Dataset entries:
☆ ☆ ☆

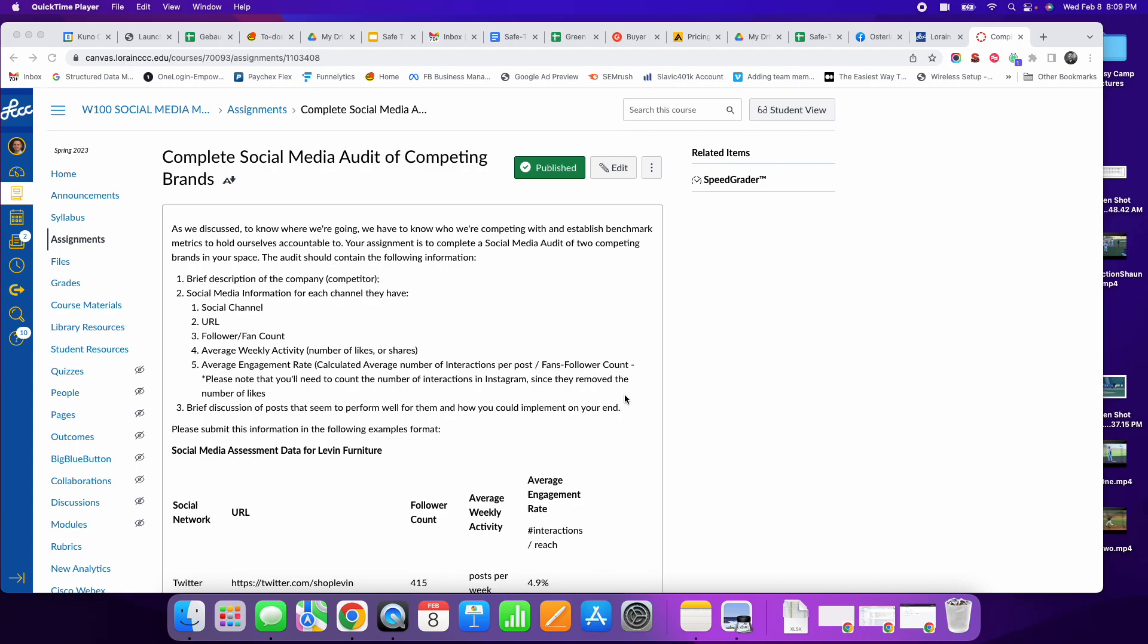This is Sean Canary. I wanted to go over the social media audit of competing brands. I want to make sure that I explain this thoroughly to you.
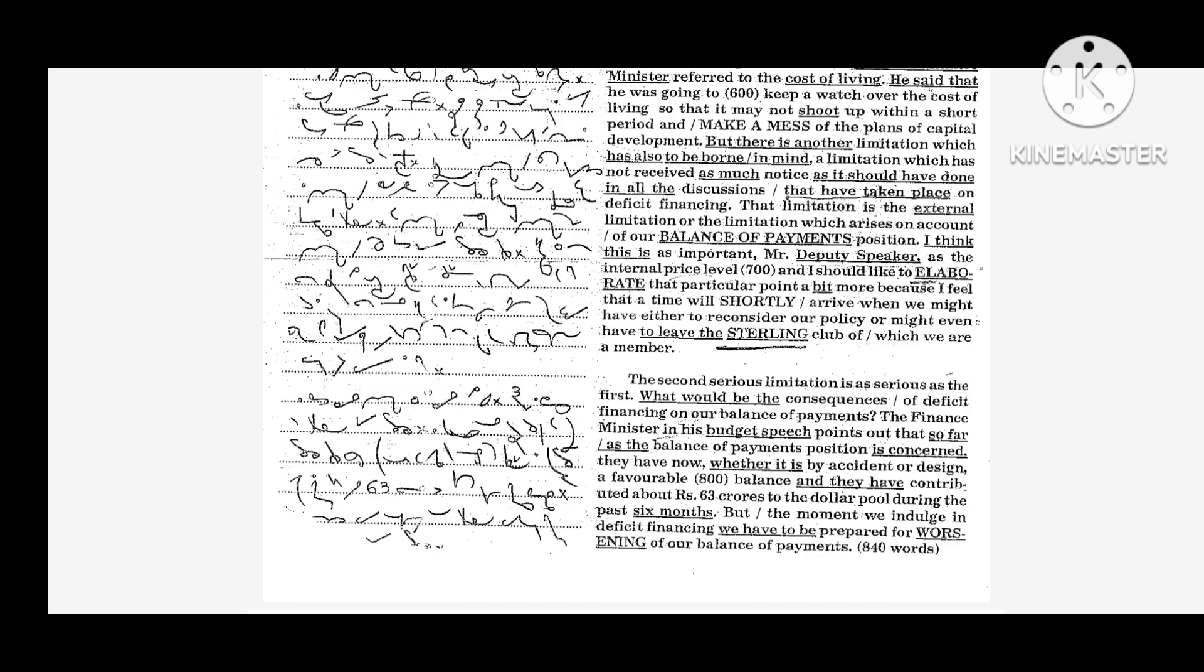And they have contributed about Rs. 63 crores to the dollar pool during the past six months. But the moment we indulge in deficit financing, we have to be prepared for worsening of our balance of payments.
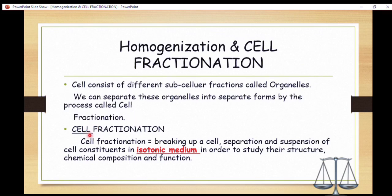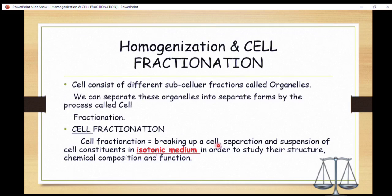Cell fractionation means breaking up a cell — disrupting the cell to make a homogenate so that we can subject it to centrifugation to separate the components into their various forms. We break up the cell and separate the mixed suspension of cell constituents in an isotonic medium.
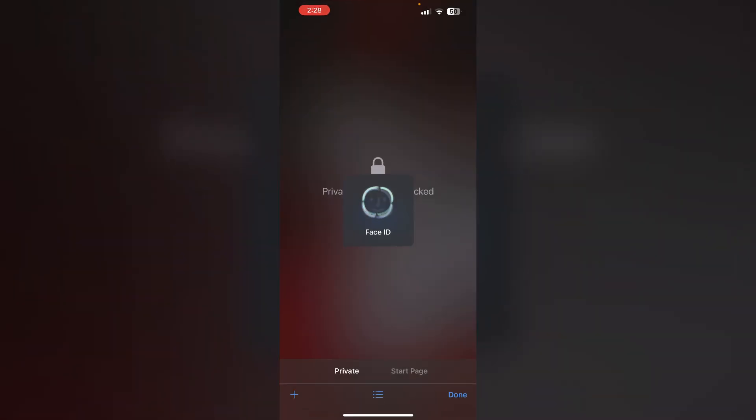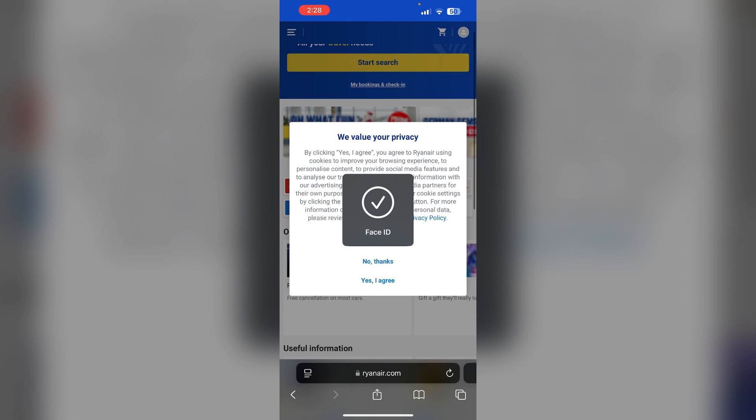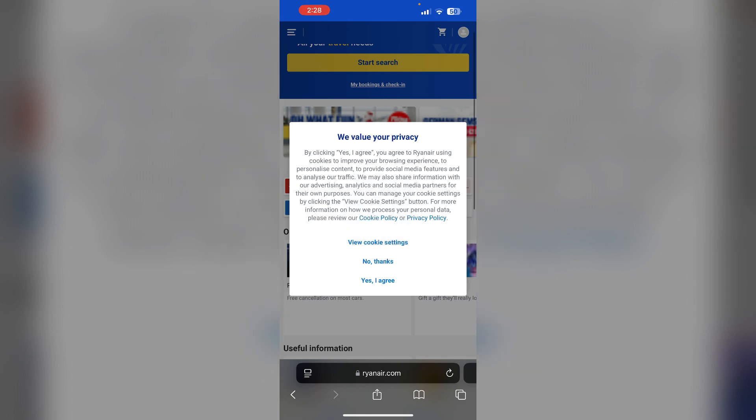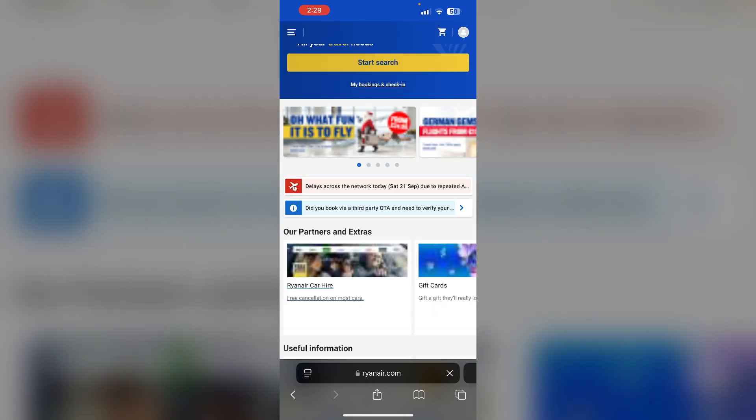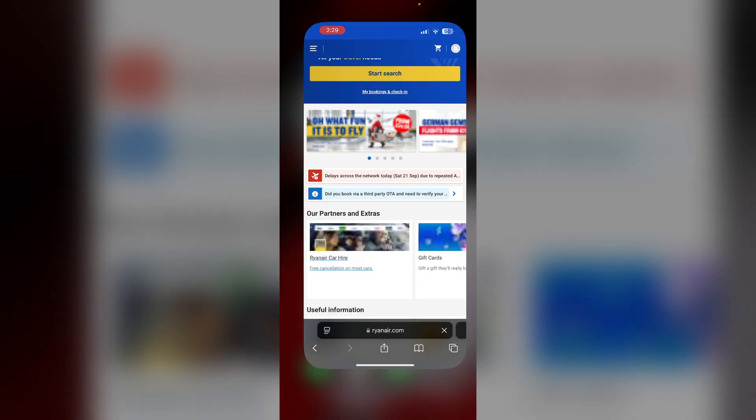Access via web. Log in to Ryanair website via web using Safari. Attempt to download your boarding pass there. Sometimes this method works better than the app.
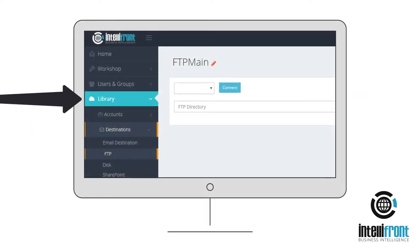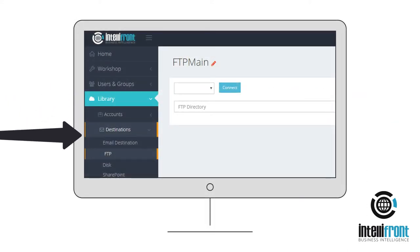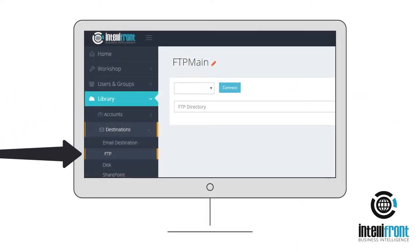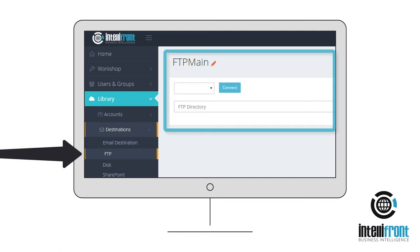Go to the Library, Destinations, FTP tab and connect to the required FTP account from those previously configured under the Accounts tab.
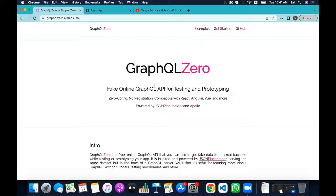Before going in-depth, let me explain what GraphQL is. GraphQL is not a tough concept, okay? Think of it as a middleware. Like an API between the front end and back end — GraphQL is a middleware that allows you to customize the API data you receive.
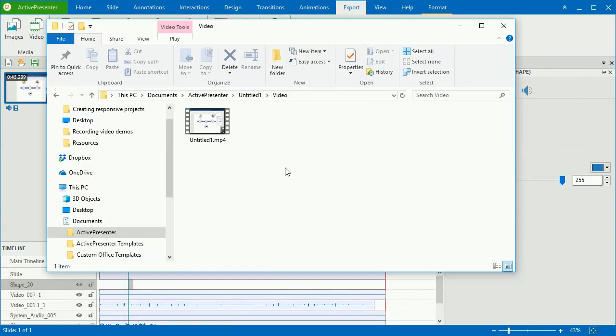And here's the final output. So now you know how to record video demonstrations with ActivePresenter 7. Thank you for watching and see you later.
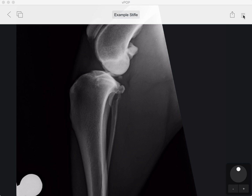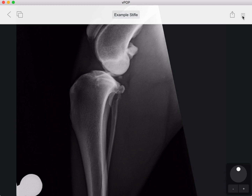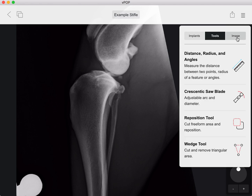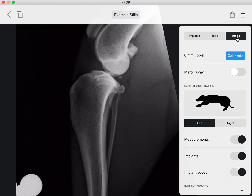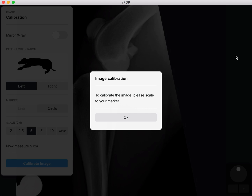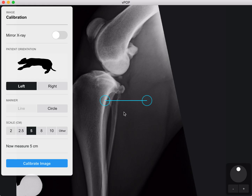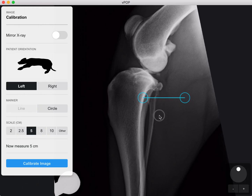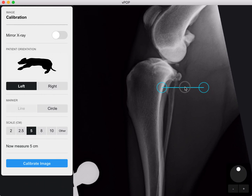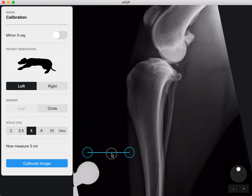So the first thing we're going to do is calibrate our radiograph. We're going to go to menu in the top right, click and look for image, and the first message that you'll get when you import your radiograph is this. You've got to calibrate it, so click OK and now we're going to move our line to our radiographic marker.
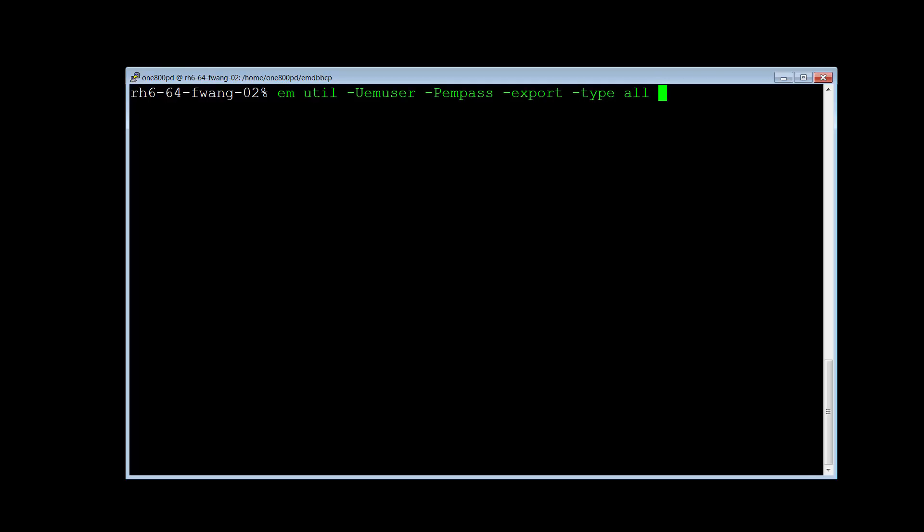Please note, this option will export all data from the Control-M Enterprise Manager database. But it excludes the job's running information history, which will be used by BIM and Forecast.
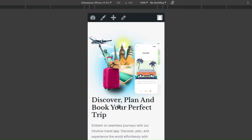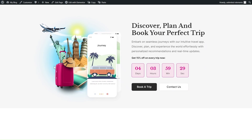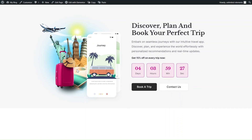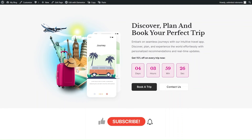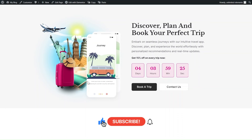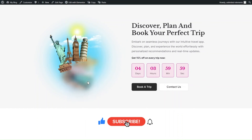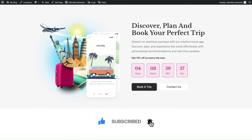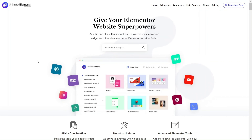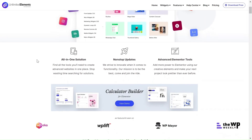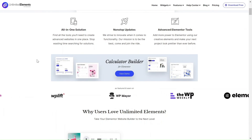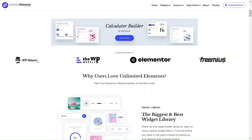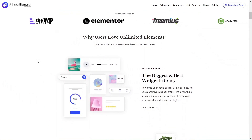Enjoy the journey. We hope you enjoyed this tutorial. Don't forget to subscribe to our YouTube channel for more awesome tutorials. We can't wait to see you in the next video. Thanks for joining us and see you next time.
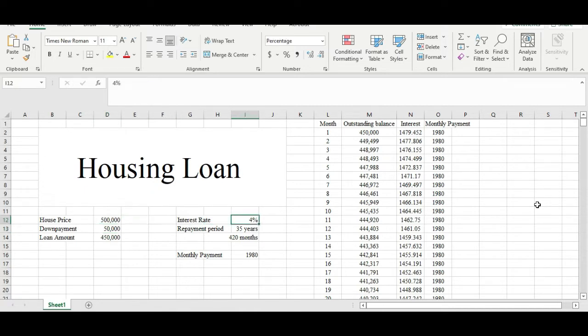The bank charges us four percent interest and also allows us to repay everything in 35 years, which is basically 420 months. At the same time, the bank tells us that we have to pay a monthly installment of around one thousand nine hundred and eighty ringgit.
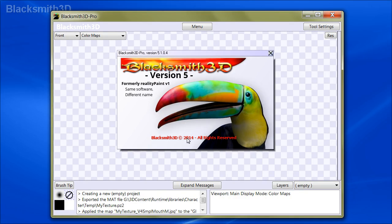Hello everyone. In this video we are going to show you how to import character files from Poser into Blacksmith 3D. We're going to do it two ways: one through a CR2 file import, another through an OBJ import.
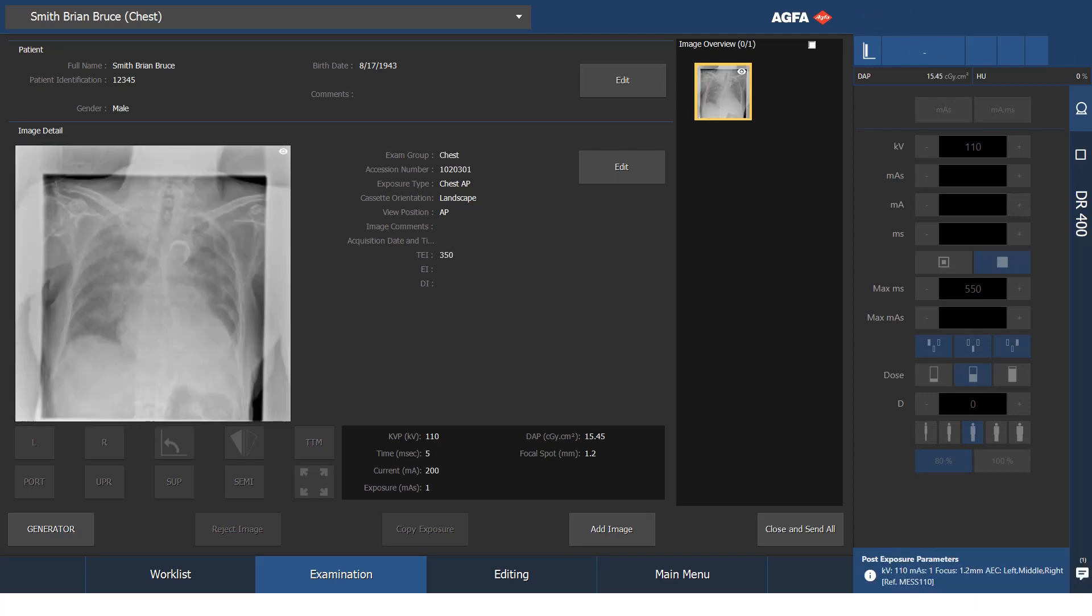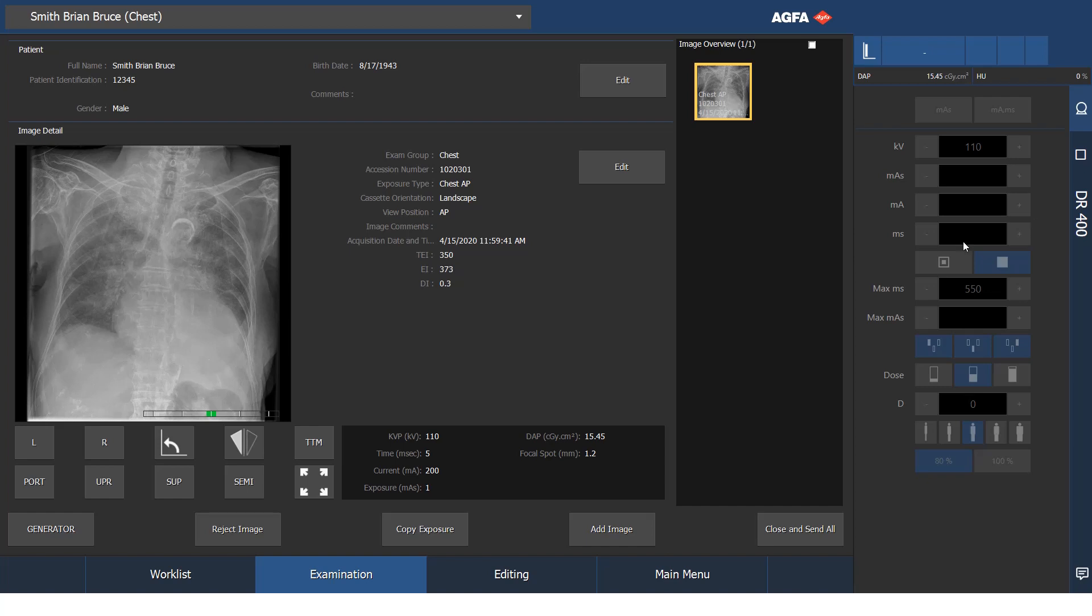You'll see the raw image and then the processed image comes up immediately. I see that my image is acceptable. The patient hasn't moved and I can close and send.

☆ ☆ ☆

§ Directions
Only the pictures are to be left out, and all of the data must otherwise be transcribed exactly.

§ Response to the task
This is Sean Canary. I wanted to go over the social media audit of competing brands. I want to make sure that I explain this thoroughly to you.
And they have contributed about Rs. 63 crores to the dollar pool during the past six months. But the moment we indulge in deficit financing, we have to be prepared for worsening of our balance of payments.
Cell fractionation means breaking up a cell — disrupting the cell to make a homogenate so that we can subject it to centrifugation to separate the components into their various forms. We break up the cell and separate the mixed suspension of cell constituents in an isotonic medium.
Access via web. Log in to Ryanair website via web using Safari. Attempt to download your boarding pass there. Sometimes this method works better than the app.
Go to the Library, Destinations, FTP tab and connect to the required FTP account from those previously configured under the Accounts tab.
Before going in-depth, let me explain what GraphQL is. GraphQL is not a tough concept, okay? Think of it as a middleware. Like an API between the front end and back end — GraphQL is a middleware that allows you to customize the API data you receive.
And here's the final output. So now you know how to record video demonstrations with ActivePresenter 7. Thank you for watching and see you later.
So the first thing we're going to do is calibrate our radiograph. We're going to go to menu in the top right, click and look for image, and the first message that you'll get when you import your radiograph is this. You've got to calibrate it, so click OK and now we're going to move our line to our radiographic marker.
Please note, this option will export all data from the Control-M Enterprise Manager database. But it excludes the job's running information history, which will be used by BIM and Forecast.
Enjoy the journey. We hope you enjoyed this tutorial. Don't forget to subscribe to our YouTube channel for more awesome tutorials. We can't wait to see you in the next video. Thanks for joining us and see you next time.
The bank charges us four percent interest and also allows us to repay everything in 35 years, which is basically 420 months. At the same time, the bank tells us that we have to pay a monthly installment of around one thousand nine hundred and eighty ringgit.
Hello everyone. In this video we are going to show you how to import character files from Poser into Blacksmith 3D. We're going to do it two ways: one through a CR2 file import, another through an OBJ import.
You'll see the raw image and then the processed image comes up immediately. I see that my image is acceptable. The patient hasn't moved and I can close and send.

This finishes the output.